A few months ago I ordered the new book by Ken Priebe, 'The Advanced Art of stop motion animation', for the college library at Morley- tutors get to take these books and resources first if they wish, and indeed, I did wish! This book is great for those with a decent grounding in the established basic practice, wanting to explore new options opening up for the animator, and is also a roll call of the names and faces loitering around stopmotionanimation.com
Among many new tips , tricks and techniques, I found mention of doll armatures- a term new to me. When I checked these out, it became clear we were talking about Loc Line, an industrial plastic hosing that is extremely durable and which will hold almost any position you can twist the hosing into. It would not be great for realistic characters, offering a more cartoon style of movement akin to the 'rubber hose' style of animation from the 1920's-30's, in that limbs will tend to bend across their whole length rather than specifically at knees and elbows- but that could suit many stylised characters. It is also fairly cheap compared to metal armature components. For spines, however, I think this stuff is extremely good.

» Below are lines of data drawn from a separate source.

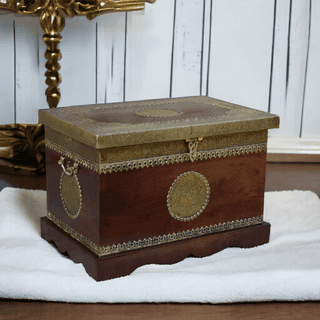 Homdecor Products Brass Fitting Trunk Wooden Hand Carved Beautiful Designs Wooden Box Chest Wooden Sanduk Brass Inlaid Set 1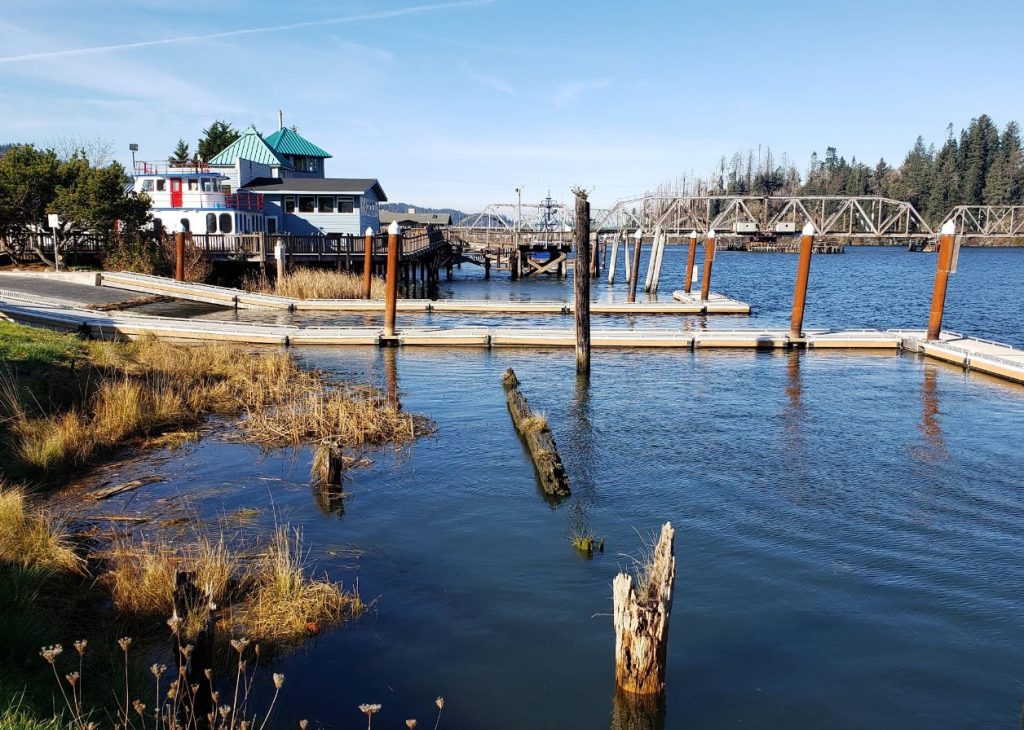 big fish cafe, reedsport, oregon coast, umpqua river, where to eat, best restaurants, old coast guard ship, fresh seafood, clam chowder, fish and chips, truffle fries, desert, waterfront views, oregon dunes, pacific northwest, dining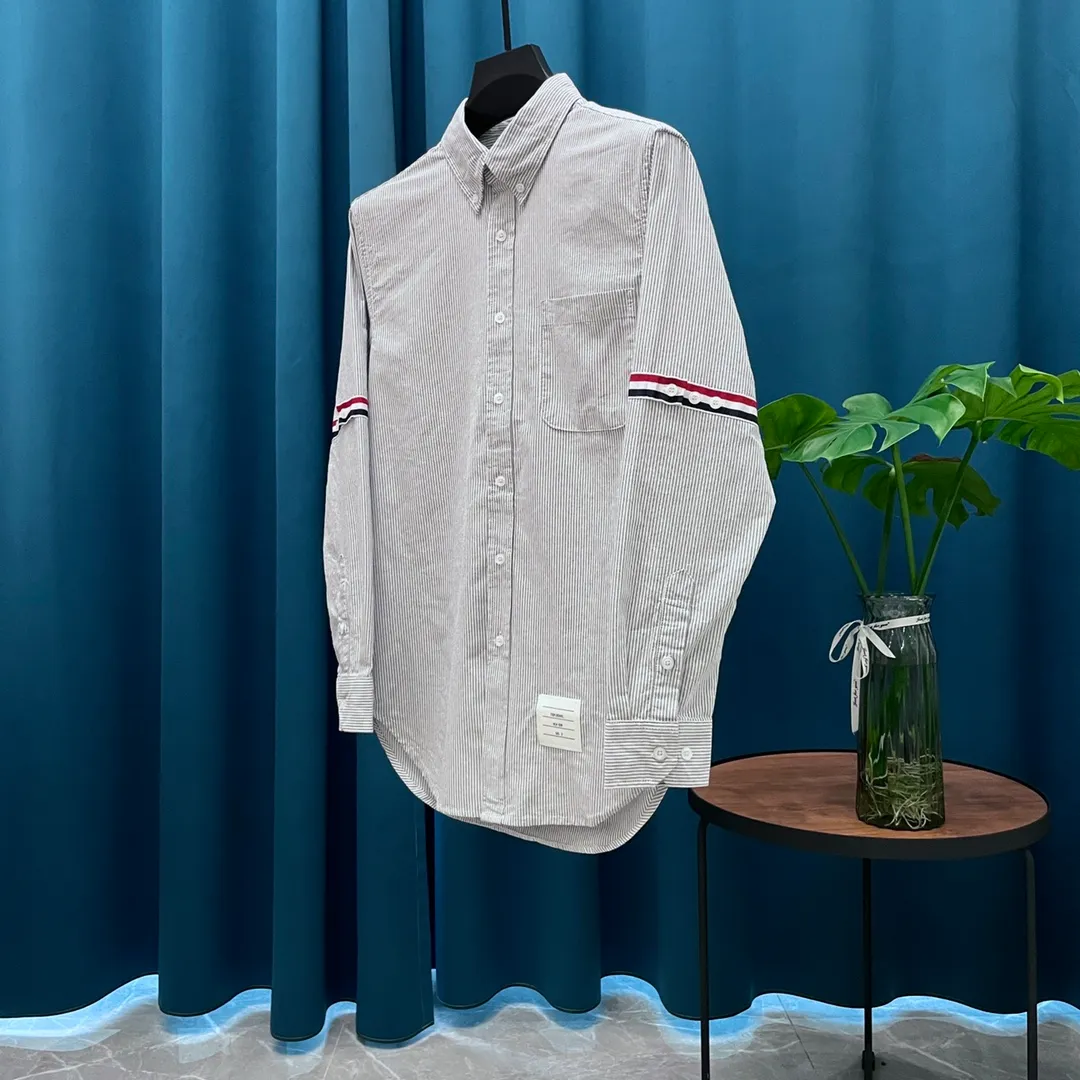 TB➡️ ，Gray 。 Classic TB， , , . , ！ Classic ， , , , TB , , . ， 。 Size：1/2/3/4/5 1 72 98 46 2 74 104 47 3 76 108 48 4 78 112 49 5 80 116 50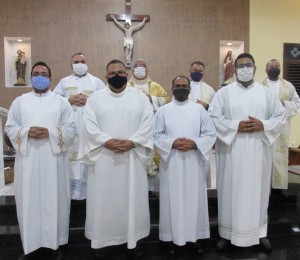 Renovação dos votos evangélicos dos Fratres: Adson Marinho, Luiz Alexandre, Ramon Bertoldo e Ricardo Mariano.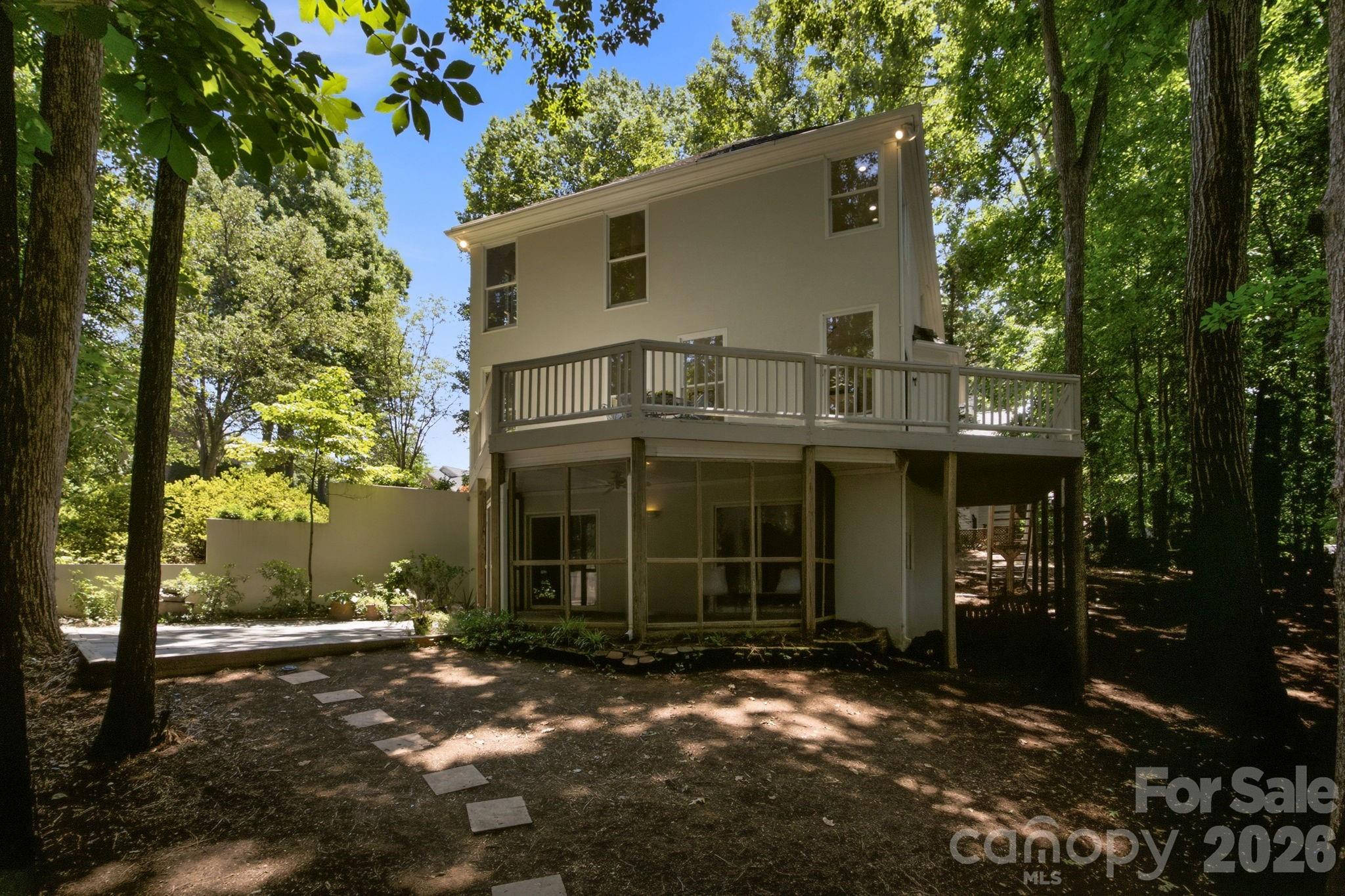 20011 Chapel Point Lane — Cornelius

In the Ken Priebe book, this is combined with that old favourite, K&S brass tubing to hold wire arms or legs. Loc Line comes in a variety of diameters- I have so far bought 4 different diameters from various sources. You can attach the K&S tubing using an epoxy putty, I used Milliput. The Loc Line you see below shows the four diameters I have found so far- the blue Loc Line examples have a 3/4 inch diameter, and a 1/2 inch diameter across the cavity at the top of each hose joint. You can snap more links together to extend it if you wish, or remove links to shorten it. The white Loc Line was sourced from Doll websites- the very thinnest example was sold complete with extra inserts that allowed hip and shoulder joints to be constructed purely from Loc Line. Snapping the hosing together requires a lot of pressure, and strong hands- i got myself a few blood blisters as a result of slips- but like most things to do with animation, the pain was worth it.
Here's a doll armature complete with hips and shoulders- I'm still debating how to add feet and hands to such an armature.
Simultaneously I attended the 'Animation 4 Life' conference in Bristol, run by Aardman and Stop motion Pro software as part of the Bristol Animated Encounters film festival- this was a great event, and I met more animators than ever before, who were uniformly thoroughly wonderful people.
The first Speaker was a great and inspiring lady from Denmark, called Hanne- and as well as talking inspiringly about her work, she gave a few demonstrations. The first thing I noticed was the simple and flexible shooting set up she had developed for using primarily with 2D overhead shooting- ideal for cut out animation. I took a look closer when I had the chance, and discovered the bulk of her set up was based around Loc Line again, with a clamp at the far end of the hose, and a HD webcam slotted into the other end. The wire for the webcam can be fed through the Loc Line itself, keeping things looking neat and tidy.
This provides a portable. lightweight flexible rostrum system, and another advantage is the cheapness of the whole set up. I cloned this upon arriving home, for significantly less than £50 for the whole system. I used an old, clamp from a broken table top vice I had lying around.
This would provide a great durable system for an introductory animation set up- and could be used for 3D puppet or clay shooting also- the hose is very positionable, and stays absolutely where it is put- it could even be used to create rough camera moves. Sure, it isn't full HD yet (but Microsoft are about to launch a webcam this year featuring 'full' HD frame sizes- 1920x 1080- this webcam is only capable of 1080 x 720), and the hosing is a little stiff- but its far better than a DV camcorder for most purposes. It also removes the need for tripods, and could be better for a beginner to help avoid the almost inevitable camera knocks- and takes up a LOT less space as a result. As I say, I'm not recommending this to seasoned animation heads, this is a great system for introducing students to animation- it will never rival the DSLR route- and webcam's also produce a different 'look' simply because of the physical size of the webcam lens, which gives a much more pronounced fish eye effect to framing from any distance. Decent software can control the HD webcam to allow for focus pulls and limited re-framing/ panning from within the software itself. It has been fine with PC based systems, but my Mac doesn't yet recognise the webcam- so it is far better for systems based around PC computers. This is a system I am going to continue developing for students interested in overhead 2D animation projects at college and in schools- I'll keep you up to date with how it is received.
All in all, I'm very excited by the potential of Loc Line- thanks to Ken Priebe, and Hanne!